__WORK ITEM__
Reproduce the listing in full. Omit the pictures.

__DATA BELOW__
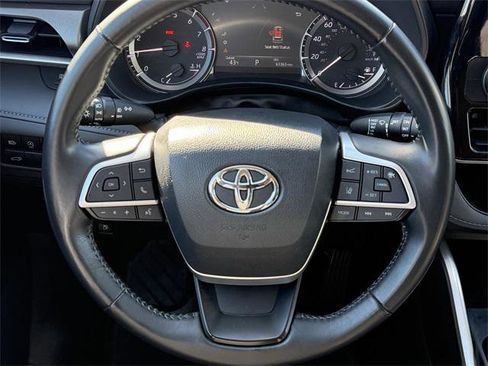 Certified 2023 Toyota Highlander LE image 13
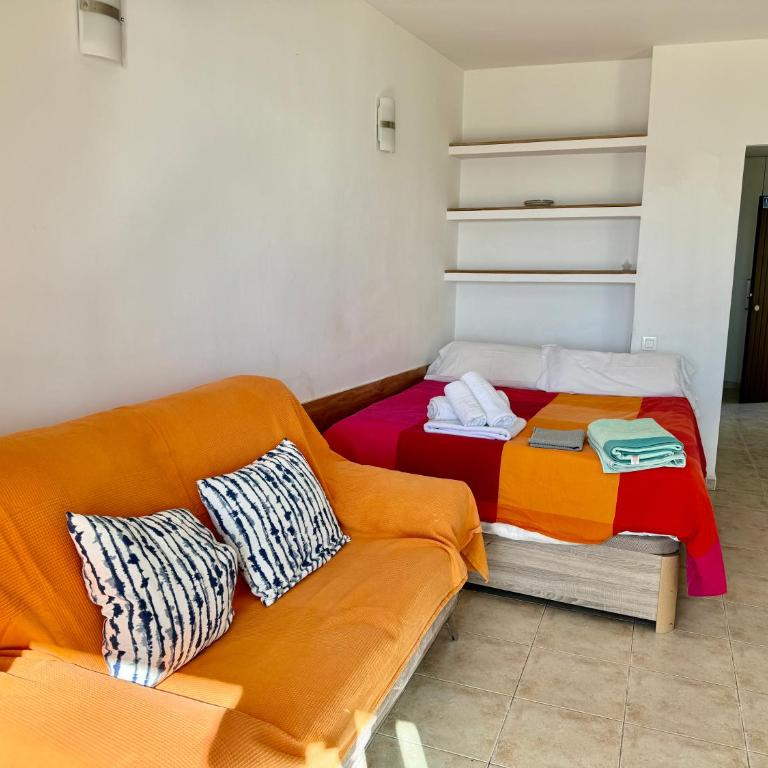 Neptuno Beachfront Apartments - Estudio con balcón - 3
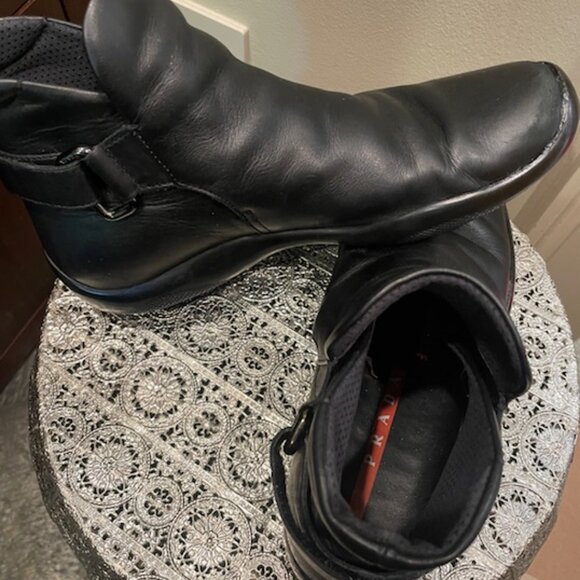 Women's Prada Sport Black Leather Velcro Strap Ankle Boot Size 38 - Picture 2 of 6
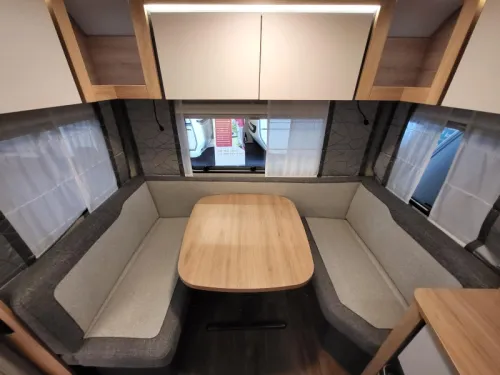 Caravane Knaus Sport 460 EU tr&egrave;s compl&egrave;te photo : 6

__WRITTEN SOLUTION__
 Certified 2023 Toyota Highlander LE image 13
 Neptuno Beachfront Apartments - Estudio con balcón - 3
 Women's Prada Sport Black Leather Velcro Strap Ankle Boot Size 38 - Picture 2 of 6
 Caravane Knaus Sport 460 EU tr&egrave;s compl&egrave;te photo : 6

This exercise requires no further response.